FREDERICK P. SEYMOUR, JR., AND JANET S. SEYMOUR, PLAINTIFFS AND COUNTERDEFENDANTS-APPELLEES,
v.
HARRIS TRUST & SAVINGS BANK OF CHICAGO, AS TRUSTEE UNDER TRUST NO. 41852; ROBERT W. STOTLER; AND KATHERINE B. STOTLER, DEFENDANTS AND COUNTERPLAINTIFFS-APPELLANTS.



Appeal from the Circuit Court of Cook County. The Honorable David Shields and Monica Reynolds, Judges, Presiding.

Rehearing Denied July 21, 1994. Released for Publication August 2, 1994. Petition for Leave to Appeal Denied December 6, 1994.

DiVito, Scariano, Hartman

The opinion of the court was delivered by: Divito

Presiding Justice DiVito delivered the opinion of the court:

Plaintiffs Frederick P. and Janet S. Seymour filed this action for declaratory judgment and injunctive relief alleging that defendants Robert W. and Katherine B. Stotler, their neighbors, were impermissibly interfering with their right to use two easements on defendants' property. In an agreed order, the circuit court granted plaintiffs' motion for summary judgment on defendants' affirmative defenses of laches, non-use, abandonment, and estoppel. It later granted plaintiffs summary judgment on the defense of merger as well, but it denied summary judgment on the defense of impossibility of use. The court also denied plaintiffs' subsequent motion to clarify that the only remaining issue for trial was impossibility of use. At the close of defendants' case in chief on their affirmative defenses, the circuit court ruled in plaintiffs' favor, ordering defendants to remove a wrought iron fence and gate from the easements, to remove plantings placed by them in the easements that obstructed plaintiffs' access, and to allow plaintiffs to use the easements. Defendants ask for vacatur of the order granting summary judgment for plaintiffs on the issue of merger, and for a trial on that issue. Defendants also ask that the final judgment be reversed, or, alternatively, vacated and remanded for a new trial. At the very least, they claim, we must remand for clarification of the relief ordered. *fn1 We affirm.

Plaintiffs have owned and resided at 303 Sheridan Road (Lot 3) inWinnetka since 1963; defendants have resided since 1982 at 301 Sheridan Road (Lots 1 and 2). *fn2 Defendants' property is bordered by plaintiffs' property on the west and Lake Michigan on the east; there is a bluff at the eastern end of the property, overlooking the lake.
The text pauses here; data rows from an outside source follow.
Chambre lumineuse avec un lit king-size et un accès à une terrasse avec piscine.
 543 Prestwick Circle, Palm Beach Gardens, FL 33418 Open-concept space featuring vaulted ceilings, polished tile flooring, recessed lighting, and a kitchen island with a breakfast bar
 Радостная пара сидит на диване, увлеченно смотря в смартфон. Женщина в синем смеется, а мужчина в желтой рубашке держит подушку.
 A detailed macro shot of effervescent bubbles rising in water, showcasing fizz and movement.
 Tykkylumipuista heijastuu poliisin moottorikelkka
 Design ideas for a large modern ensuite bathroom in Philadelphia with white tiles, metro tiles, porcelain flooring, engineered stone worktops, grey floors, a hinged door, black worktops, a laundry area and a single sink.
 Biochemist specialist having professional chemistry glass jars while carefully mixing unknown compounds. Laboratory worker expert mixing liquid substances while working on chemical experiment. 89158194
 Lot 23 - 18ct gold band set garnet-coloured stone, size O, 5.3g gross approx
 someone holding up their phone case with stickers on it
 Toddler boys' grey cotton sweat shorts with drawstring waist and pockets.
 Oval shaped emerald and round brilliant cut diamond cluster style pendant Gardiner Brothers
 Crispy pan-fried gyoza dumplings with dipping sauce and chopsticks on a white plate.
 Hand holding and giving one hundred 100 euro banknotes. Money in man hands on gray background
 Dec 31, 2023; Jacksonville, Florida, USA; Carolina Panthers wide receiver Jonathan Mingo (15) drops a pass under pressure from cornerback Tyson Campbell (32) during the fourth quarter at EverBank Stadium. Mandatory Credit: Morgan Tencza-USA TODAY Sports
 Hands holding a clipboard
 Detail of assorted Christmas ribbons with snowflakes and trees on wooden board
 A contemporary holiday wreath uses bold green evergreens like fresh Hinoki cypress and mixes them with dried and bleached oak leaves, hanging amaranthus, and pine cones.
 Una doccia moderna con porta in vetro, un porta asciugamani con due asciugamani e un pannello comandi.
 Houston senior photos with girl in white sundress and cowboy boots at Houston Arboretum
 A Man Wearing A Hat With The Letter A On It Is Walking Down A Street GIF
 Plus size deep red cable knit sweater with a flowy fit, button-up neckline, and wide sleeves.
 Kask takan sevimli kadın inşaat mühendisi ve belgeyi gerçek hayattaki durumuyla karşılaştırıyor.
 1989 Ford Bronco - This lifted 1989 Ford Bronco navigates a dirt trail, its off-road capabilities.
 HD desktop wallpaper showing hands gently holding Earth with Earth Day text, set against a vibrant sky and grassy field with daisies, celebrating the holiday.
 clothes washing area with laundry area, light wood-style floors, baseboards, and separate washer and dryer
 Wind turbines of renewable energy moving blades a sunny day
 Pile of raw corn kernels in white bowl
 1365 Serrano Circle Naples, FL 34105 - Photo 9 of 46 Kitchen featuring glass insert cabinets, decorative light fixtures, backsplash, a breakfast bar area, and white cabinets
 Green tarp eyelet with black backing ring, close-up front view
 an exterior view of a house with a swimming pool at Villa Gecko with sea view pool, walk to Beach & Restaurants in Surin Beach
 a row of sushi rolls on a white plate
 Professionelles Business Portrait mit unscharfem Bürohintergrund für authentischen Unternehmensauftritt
Running along the south lot lines of the parties' properties is Elder Lane Park (the Park), which is owned by the Winnetka Park District (the Park District).

The lots at issue were created in 1924 by a subdivision of a piece of property. This subdivision created two easements running east-west between the lake and Sheridan Road: a 20-foot easement across Lots 2, 3, and 4 for roadway, sidewalk, and utility uses, and a three-foot easement across Lot 1 for lake access (collectively, the easements). *fn3 In 1970 or 1971, the owners of 303 and 301 Sheridan Road, then plaintiffs and the family of Mr. Seymour's brother, *fn4 respectively, erected a chain link fence to separate the Park from their properties; this fence is located mostly south of the southern property line of Lot 1. Defendants have planted shrubs and made other improvements within the two easements; across the 20-foot easement, they also have erected a wrought iron fence with a locked gate. Defendants denied plaintiffs any access through the locked gate but permitted them access through a separate, unlocked gate to the south of the wrought iron fence. According to the survey, this gate is partly on the easement across Lot 1 and partly on the adjacent Park District property.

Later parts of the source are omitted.